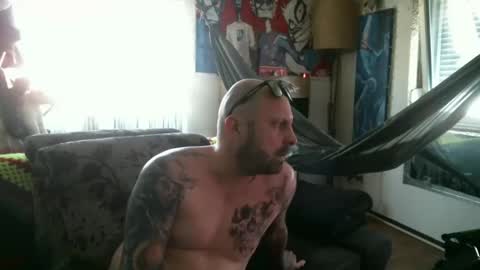 Snapshot of mad_dem0n chatting on 8, 2, 2025 Manuel online show from 8, 2, 2025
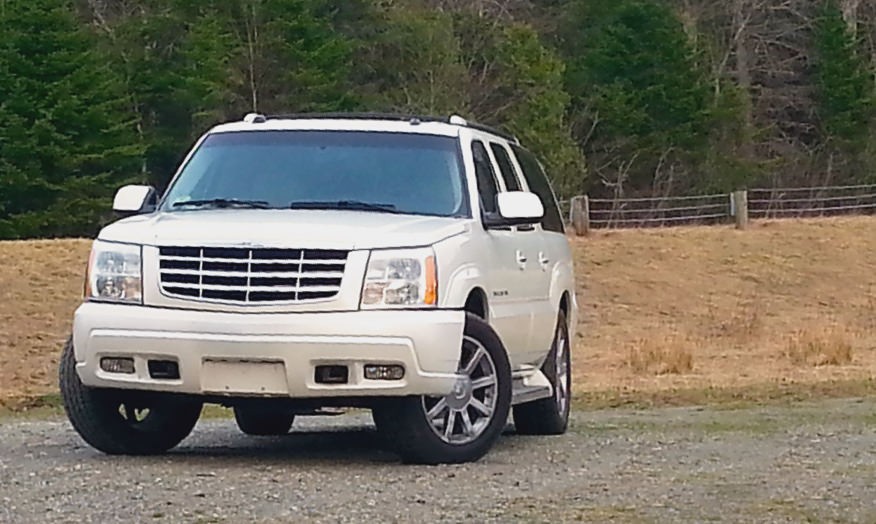 White-SUV-Thumbnail White SUV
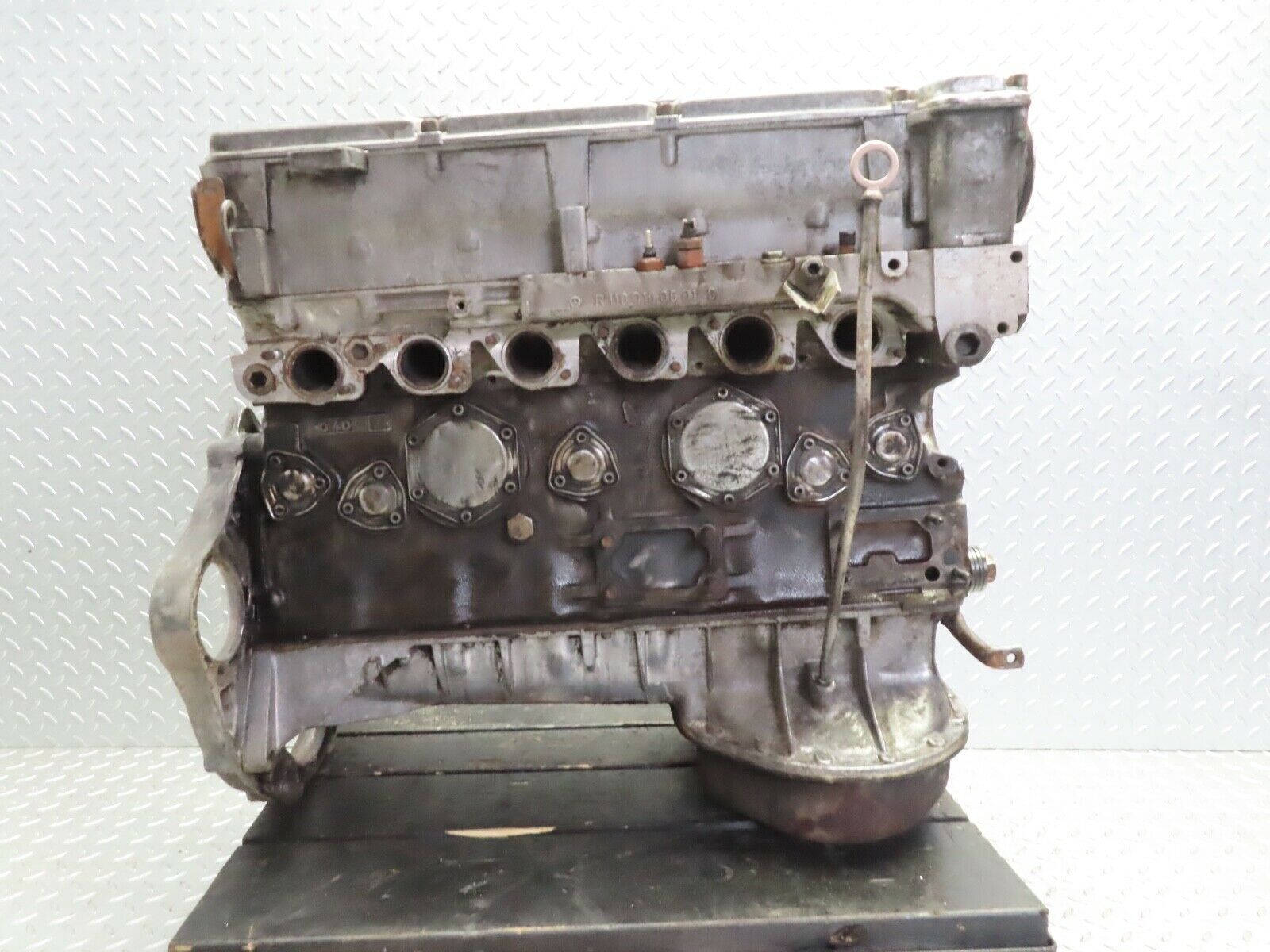 20492 Mercedes-Benz W114 280CE Coupe 6 Cylinder Petrol Engine M110.983 1100110401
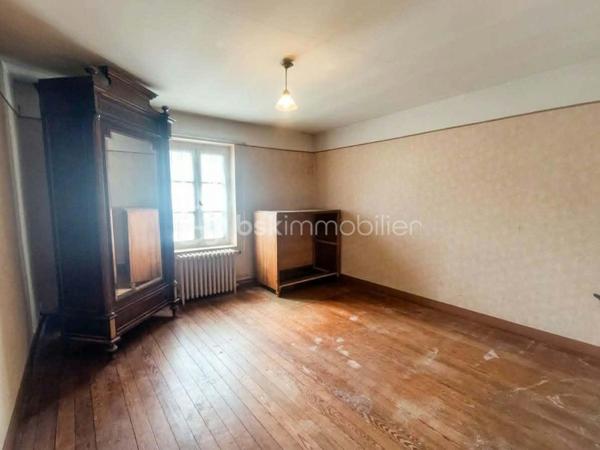 Située sur la commune de Mortrée, à seulement 10 minutes à pied des commodités, cette maison offre un beau potentiel pour un projet de rénovation et de personnalisation.

- Le rez-de-chaussée permet d'envisager une vie de plain-pied grâce à la présence d'une chambre, d'une cuisine, d'un salon, d'une petite arrière-cuisine, d'une véranda, de WC séparés et d'une salle d'eau.

- À l'étage, un dégagement avec évier dessert trois chambres, offrant des possibilités d'aménagement supplémentaires selon vos besoins.

- À l'extérieur, vous profiterez d'un petit jardin ainsi que de petites dépendances.

Un véritable atout : la propriété est vendue avec un terrain non attenant, situé à quelques mètres de la maison et comprenant un grande garage.

Des travaux sont à prévoir, notamment en matière d'isolation et d'électricité. Cette maison s'adresse aux acquéreurs souhaitant réaliser un projet à leur image et valoriser un bien selon leurs envies.

Une opportunité à découvrir pour les amateurs de rénovation, les primo-accédants ou les investisseurs à la recherche d'un bien offrant de belles possibilités.

À visiter sans tarder !
06 82 17 42 95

━━━━

:: Exercise prompt ::
Each line from the one containing "- À l'extérieur, vous" to the end of the listing above should be copied exactly, and nothing else.

:: Answer for this exercise ::
- À l'extérieur, vous profiterez d'un petit jardin ainsi que de petites dépendances.

Un véritable atout : la propriété est vendue avec un terrain non attenant, situé à quelques mètres de la maison et comprenant un grande garage.

Des travaux sont à prévoir, notamment en matière d'isolation et d'électricité. Cette maison s'adresse aux acquéreurs souhaitant réaliser un projet à leur image et valoriser un bien selon leurs envies.

Une opportunité à découvrir pour les amateurs de rénovation, les primo-accédants ou les investisseurs à la recherche d'un bien offrant de belles possibilités.

À visiter sans tarder !
06 82 17 42 95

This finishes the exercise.